** Exercise prompt **
The reply is to be an exact repetition of the entries that follow, with each picture left out.

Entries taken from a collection

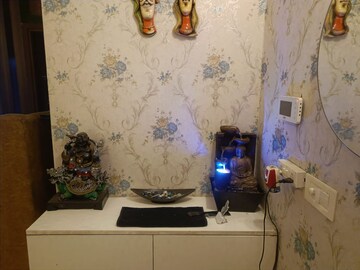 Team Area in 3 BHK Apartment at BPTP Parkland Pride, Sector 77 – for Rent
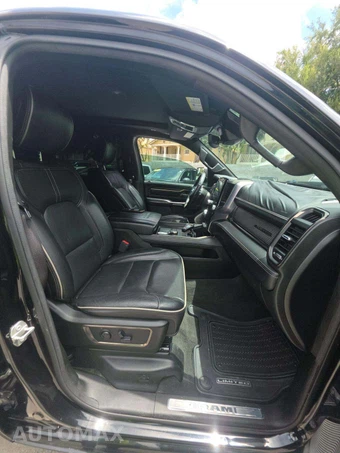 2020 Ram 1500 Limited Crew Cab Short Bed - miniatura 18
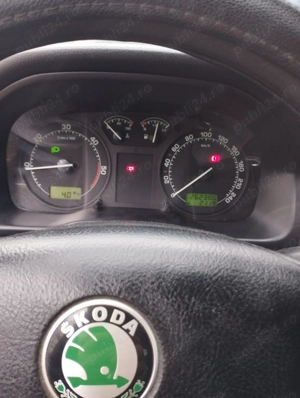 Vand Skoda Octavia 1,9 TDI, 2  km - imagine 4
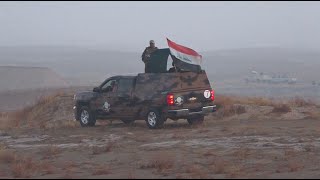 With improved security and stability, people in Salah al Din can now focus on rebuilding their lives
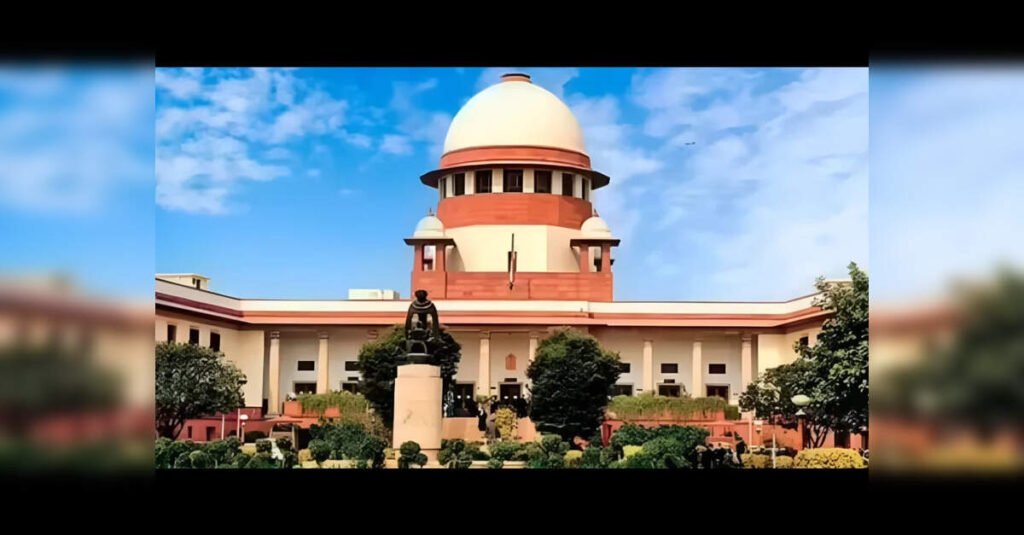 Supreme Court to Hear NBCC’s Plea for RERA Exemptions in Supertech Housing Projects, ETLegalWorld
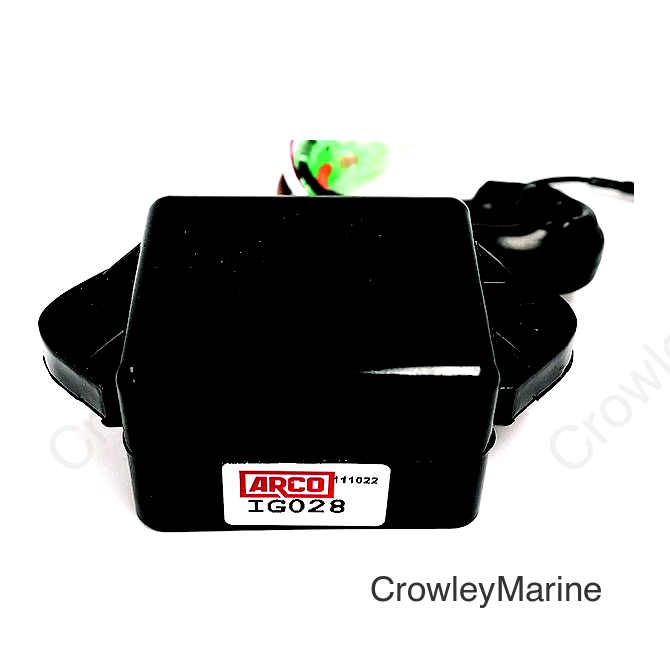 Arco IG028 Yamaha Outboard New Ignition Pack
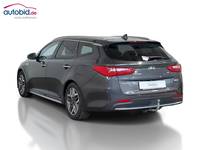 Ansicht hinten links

** Answer to this problem **
 Team Area in 3 BHK Apartment at BPTP Parkland Pride, Sector 77 – for Rent
 2020 Ram 1500 Limited Crew Cab Short Bed - miniatura 18
 Vand Skoda Octavia 1,9 TDI, 2  km - imagine 4
 With improved security and stability, people in Salah al Din can now focus on rebuilding their lives
 Supreme Court to Hear NBCC’s Plea for RERA Exemptions in Supertech Housing Projects, ETLegalWorld
 Arco IG028 Yamaha Outboard New Ignition Pack
 Ansicht hinten links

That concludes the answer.